A simple python function can trigger a status change for a node. This in turn can be converted into a fabric task. The following is the fabric task we use at Bethel for changing the service status of a node:

env.roledefs = {
  'prod': ['node1.example.com', 'node2.example.com'],
  'dev': ['test-node.example.com']
}
env.buildout_root = "/home/zope/silva23/buildout"

def alter_service_status(newstatus):
  #alter the service status of a zope node,
  #either putting online or offline
  host = env['host_string']
  node = host.split('.')[0]
  url = 'http://%s:8080/silva/varnish_node_is_up/++rest++setstatus'%host
  query = {'change': json.dumps({node: {'status': newstatus}}),
           'skip-bethel-auth': 1}
  req = urllib2.Request(url, query)
  authh = "Basic " + base64.encodestring('%s:%s'%rest_creds)[:-1]
  req.add_header("Authorization", authh)
  response = urllib2.urlopen(req,
                             urllib.urlencode(query))
  back = ''.join(response.readlines())
  return 'OK'

The username and password are read from a protected file when the fabfile is loaded.
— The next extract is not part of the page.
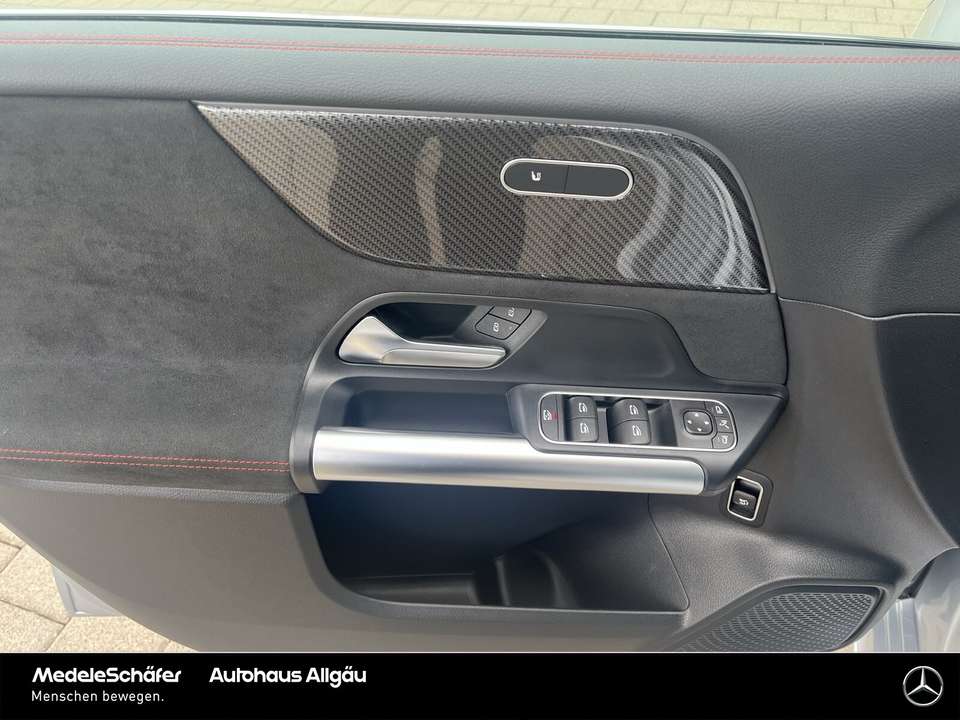 Mercedes-Benz B 200 - Imagem 9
This task in turn can be used as a component of a larger automated deployment task (this is the rest of of Bethel’s fabfile):

def buildout():
  with prefix("export HOME=/home/zope/"):
      with cd(env.buildout_root):
          sudo("hg --debug pull -u"%env, user="zope")
          sudo("./bin/buildout"%env, user="zope")

def restart_apache():
  #using the sudo command does not work; it issues the following:
  # sudo -S -p 'sudo password:'  /bin/bash -l -c "/etc/init.d/httpd restart"
  # which runs a shell executing the command in quotes.  Ross was not
  # able to configure sudo to allow multiple httpd options with
  # one line, but suggested the run command instead.
  #sudo("/etc/init.d/httpd restart")
  run("sudo /etc/init.d/httpd restart")

def push_buildout(apache_restart=True):
  if type(apache_restart) in StringTypes:
      apache_restart = (apache_restart == 'True')

  change_status = False
  if env.host_string in env.roledefs['prod']:
      change_status = True

  #take out of service, it takes less time to take out of service than
  #  it does to put back into service
  if change_status:
      puts("taking offline; sleeping 20 seconds")
      alter_service_status('offline')
      sleep(20)

  buildout()
  if apache_restart:
      restart_apache()

  #TODO: test some urls, loading up the local ZODB cache before bringing
  #  back in to service


  #put back into service
  if change_status:
      puts("taking online; sleeping 30 seconds")
      alter_service_status('online')
      sleep(30)

Adding fabric to your buildout is detailed here: http://www.vlent.nl/weblog/2010/09/27/fabric-easy-deployment/

This fabfile is located in the buildout root. Running an automated deployment of our production environment is simple:

./bin/fab -R prod push_buildout

When using mod_wsgi to serve Zope, a restart of apache is required for change to take effect. If for any reason you’d want to push buildout but not restart apache, pass in False to the restart_apache per-task argument:

./bin/fab -R prod push_buildout:restart_apache=False

The combination of fabric and bethel.clustermgmt has decreased deployment time considerably. It is now one command run in the background, whereas before it was a 5-10 minute long repetitive rinse/repeat cycle for each node in the cluster.